Hugues Aufray : ce terrible secret de famille qui l’a dévasté
Des tubes, Hugues Aufray en a fait à la pelle ! C’est l’évidence, en écoutant ses refrains, on comprend qu’ils n’ont pas pris une ride. D’ailleurs, faites le test autour de vous. De 7 à 77 ans, vos proches en connaissent forcément un bout. Au cours de sa carrière, il a pu croiser la route d’immenses vedettes comme le culte Bob Dylan.
Forcément, des anecdotes avec ces célébrités étrangères il en a à revendre ! Bienveillant et surtout humble, il n’hésite pas à distiller de précieux conseils à la nouvelle génération. Cependant, une fois les concerts achevés, ses fantômes reviennent le hanter. Qui, quand, où, comment, on va tout vous raconter dans les moindres détails.
Les trois passions du jeune Hugues Aufray
Quand la Seconde guerre mondiale éclate, les parents d’Hugues Aufray se séparent. Avec sa mère, ses deux frères aînés et sa cadette, ils prennent la direction de la ville de Sorèze, dans le Tarn. Au plus profond de son âme, il conserve précieusement des épisodes de sa scolarité dans ce collège dominicain.

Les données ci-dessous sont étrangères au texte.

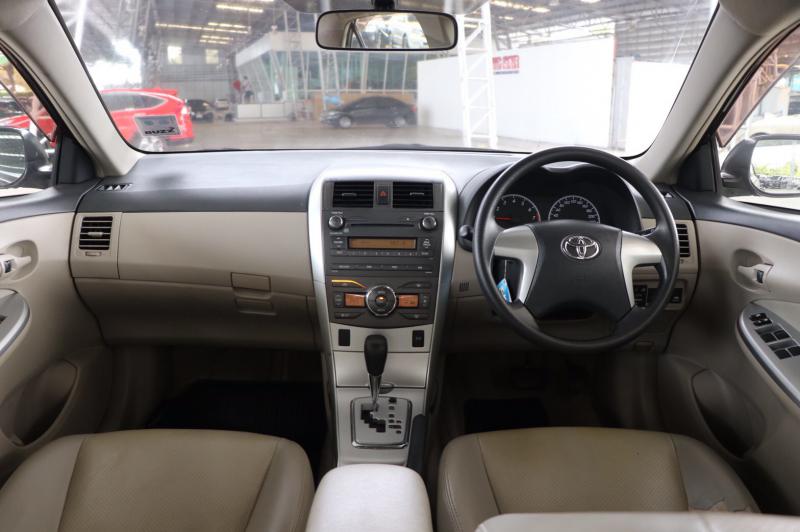 TOYOTA altis 1.8e 2013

D’abord, un professeur d’équitation flaire le potentiel de ce jeune cavalier. « Il a repéré en moi des qualités exceptionnelles et me prendra sous sa protection« . Ensuite, il n’aime pas les matières générales et préfère focalise son attention sur les artistiques. Entre deux peintures ou sculptures, il intègre la fanfare, puis la chorale du village.

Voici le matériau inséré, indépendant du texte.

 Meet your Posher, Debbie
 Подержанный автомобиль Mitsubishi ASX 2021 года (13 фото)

Un mélomane pas comme les autres
À la Libération, Hugues Aufray rejoint son père en Espagne. Sa manière de résumer ses trois années passées au lycée français de Madrid ne laisse personne indifférent. Partagé entre la « mélancolie et la nostalgie« , il souligne que « riche ou pauvre, tout le monde chantait et dansait à la moindre occasion. »

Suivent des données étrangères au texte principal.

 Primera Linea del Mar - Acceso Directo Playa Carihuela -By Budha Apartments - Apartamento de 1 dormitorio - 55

Voulant à tout prix devenir peintre, Hugues Aufray revient en France en 1948. Son objectif ? Intégrer les bancs de la prestigieuse école des Beaux-Arts. À l’aise avec sa guitare, et pour subvenir à ses besoins, il chante en espagnol des tubes de ses modèles français. Dans de les rues ou dans quelques cabarets de la capitale, il se crée une petite réputation. A la fin des années 50, la chance lui sourit enfin.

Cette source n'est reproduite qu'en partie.